Small, minimum-capability platforms have several advantages over large, full-capability platforms in the development of hydrocarbon reserves in deep water. A much lower capital cost is one of the significant advantages. However, minimizing platform capability by eliminating a resident drilling rig and other useful equipment from the design also significantly limits the ability of the platform to adapt to new reservoir and/or economic information suggesting changes in the development scenario. The Tension Leg Well Jacket (TLWJ) concept was developed to address this limitation. In the TLWJ concept, a small Tension Leg Platform or "TLP" (the TLWJ, mini-spar or other minimal structure) supports the wells for surface accessible completions, but drilling and other major well operations are performed by a semisubmersible drilling rig which docks to or is otherwise restrained adjacent the TLWJ. This method of conducting well operations is more fully discussed in U.S. Pat. No. 5,199,821, issued Apr. 6, 1993 to D. A. Huete et al for a Method for Conducting Offshore Well Operations and U.S. patent application Ser. No. 024,584, now U.S. Pat. No. 5,439,324, filed by A. G. C. Ekvall et al on Mar. 1, 1993, for Bumper Docking Between Offshore Drilling Vessels and Compliant Platforms, the disclosures of which are hereby incorporated by reference and made a part hereof.
It is understood that the smaller the floating platform, i.e., the smaller the total hull displacement, the cheaper it is. Another benefit of the decreasing the size of the structure is that lower loads on the tendons expand the scope of suitable materials for forming the tendons. Thus, full capability platforms have used thick walled tubular goods to form the tendons. These are expensive to produce and relatively difficult to deploy.
By contrast, wire rope tendons would be desirable in this lighter service for their economy and ease of installation. However, there is another contrast between tubular goods and wire rope in tendon applications. Tubular goods have greater reliability, in large part because of inspectability in manufacture and in service. The cylindrical walls of such tubular goods may be inspected inside and out. In contrast, it is more difficult to determine whether a wire rope has suffered damage because the majority of the load-carrying portion is hidden from view.
An advantage of the present invention is that it effectively distributes loads across a plurality of tendons in a manner providing for cost efficient redundancy.
Another advantage of the present invention is that it provides for failure detection for tendons in materials and fabrication techniques that makes continued in-service monitoring otherwise unreliable.
The forgoing advantages facilitate the use of wire rope or other unconventional, non-tubular tendons permitting the use of less expensive materials and fabrication techniques with greater confidence.
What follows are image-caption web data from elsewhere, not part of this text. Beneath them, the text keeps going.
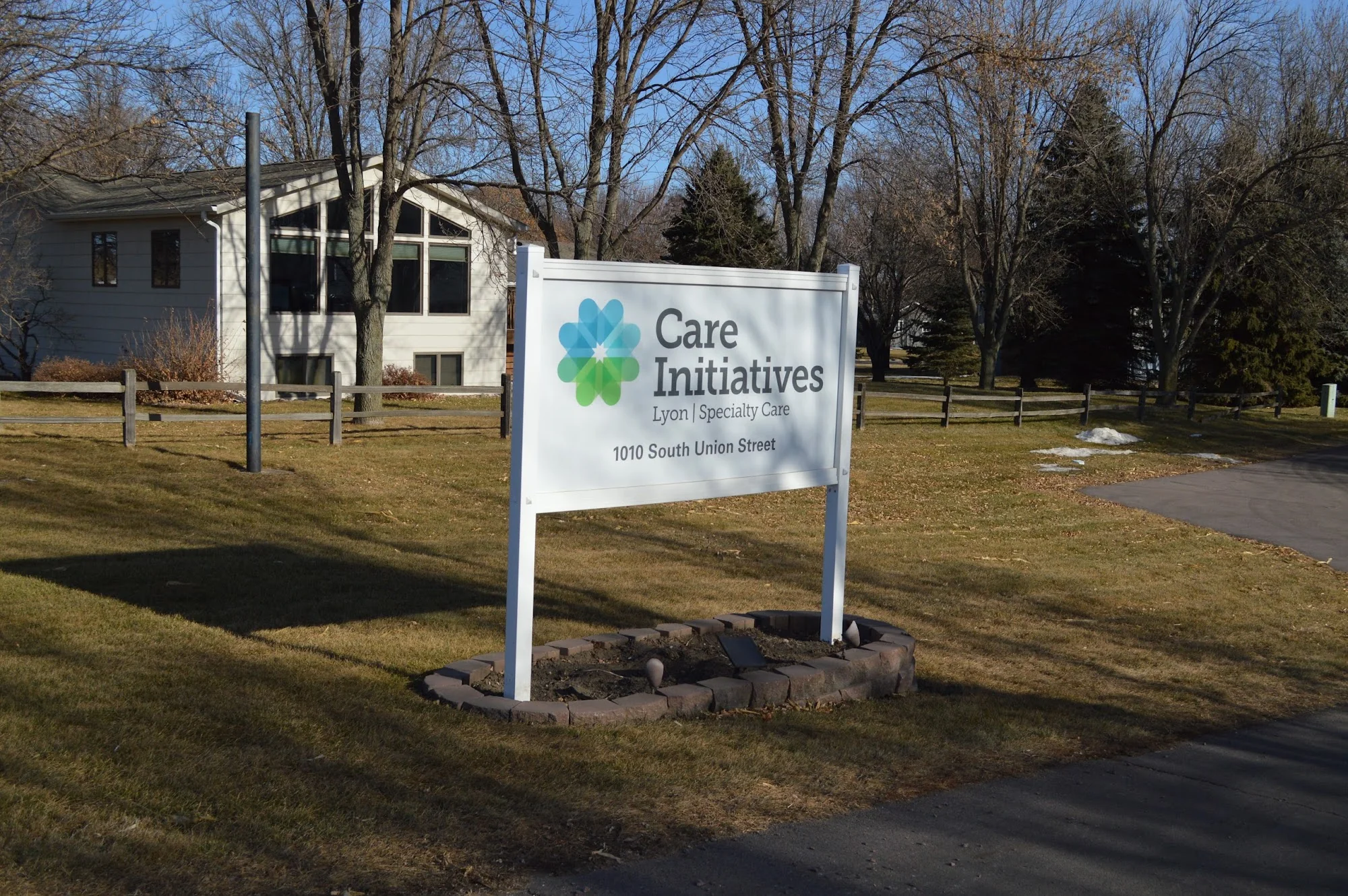 LYON SPECIALTY CARE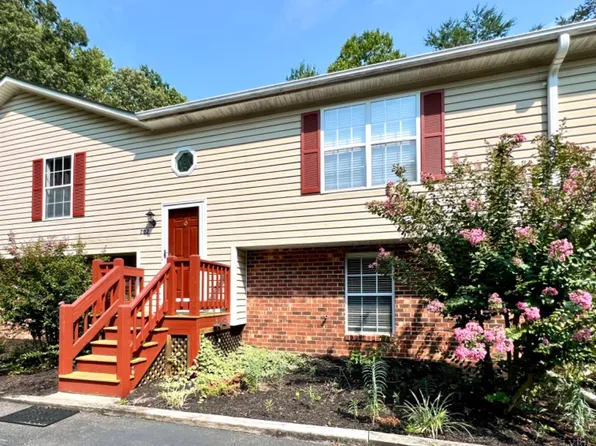 702 Goose Meadow Dr, Forest, VA 24551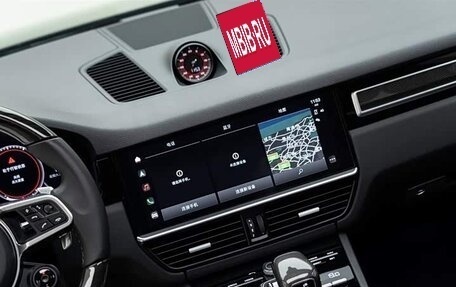 Porsche Cayenne III, 2022 год, 11 675 000 рублей, 10 фотография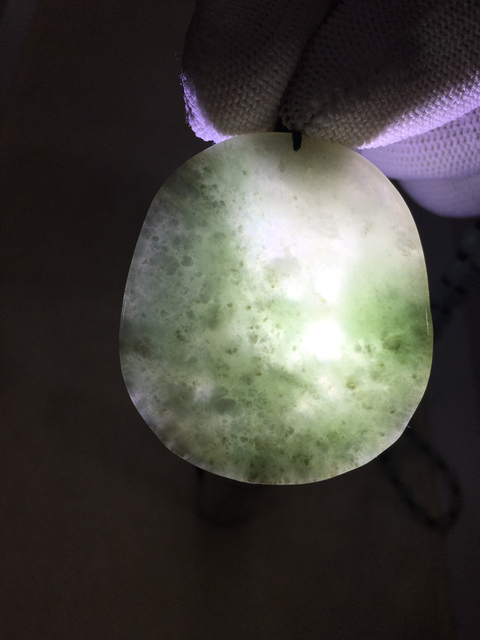 古玩玉器山水牌子拍賣,當前價格580元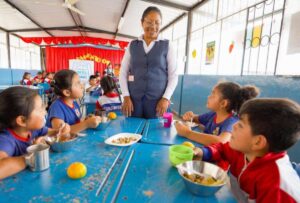 Gestionar la alimentación de 2,4 millones de niños y adolescentes de 11 provincias del Ecuador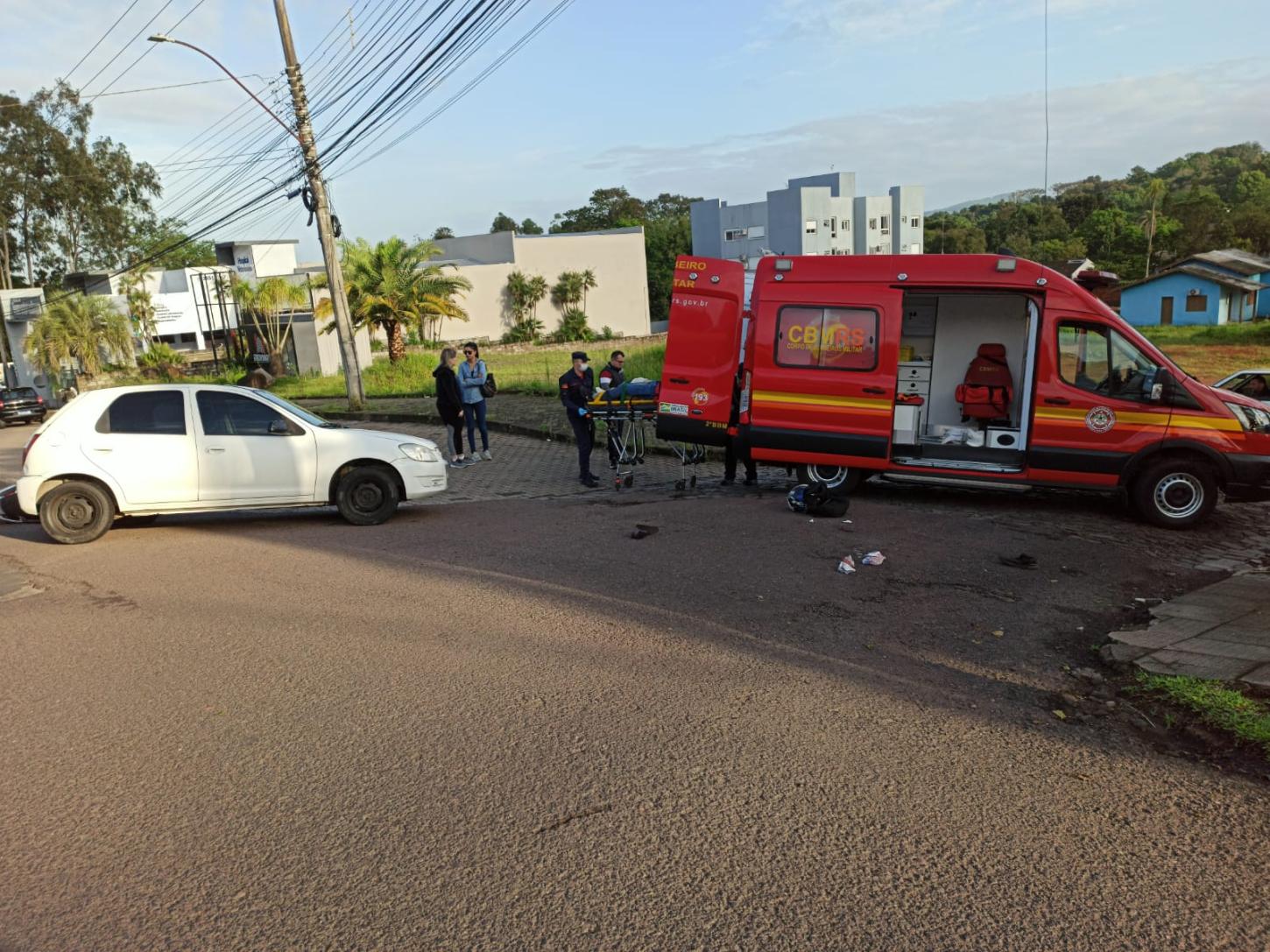 Acidente envolvendo carro e moto no bairro União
Toward the fulfillment of these and other advantages, the present invention provides a tendon cluster for tethering a superstructure of a tension leg platform to an ocean floor in which a plurality of tendons are anchored to the ocean floor at their lower ends with a substantially planar, horizontally disposed tendon bracket receiving the upper ends. A tendon bracket connection pivotally secures the tendon bracket to a downwardly disposed surface of the superstructure.
The brief description above, as well as further features and advantages of the present invention will be more fully appreciated by reference to following detailed description of illustrative embodiments which should be read in conjunction with the accompanying drawings in which:
FIG. 1 is a side perspective view of a tension leg caisson deploying one embodiment of a tendon cluster array in accordance with the present invention;
FIG. 2 is a cross-sectional view of the tension leg caisson of FIG. 1 taken along line 2--2 in FIG. 1;
FIG. 3 is a partially cross-sectional top elevational view of a tribrach and the tendon cluster array deployed in FIG. 1, taken along line 3--3 in FIG. 1;
FIG. 4 is side elevational view of the tribrach and tendon cluster of FIG. 3, taken along line 4--4 in FIG. 1;
FIG. 5 is a partially cross-sectioned side view of the tribrach and tendon cluster of FIG. 4;
FIG. 6 is a side elevational view of a tension leg caisson accepting drilling operations from a semisubmersible drilling rig; and
FIGS. 7A-7D illustrate tendon installation, normal deployment, failure mode and leveling compensation, respectively, in the use of tribrach and tendon clusters in a tension leg caisson.
FIG. 1 illustrates one embodiment of a tendon cluster array in accordance with the present invention, here deployed with the superstructure of a tension leg platform in the form of tension leg caisson 10 in body of water 20. The tension leg caisson has an elongated buoyant central caisson or vertical column 12 supporting a deck 14 with surface facilities 16. A plurality of three or more outrigger pontoons 18 project radially from the base of central caisson 12 in a horizontal plane. The stability of tension leg caisson 10 may be enhanced by taking on ballast in pontoons 18.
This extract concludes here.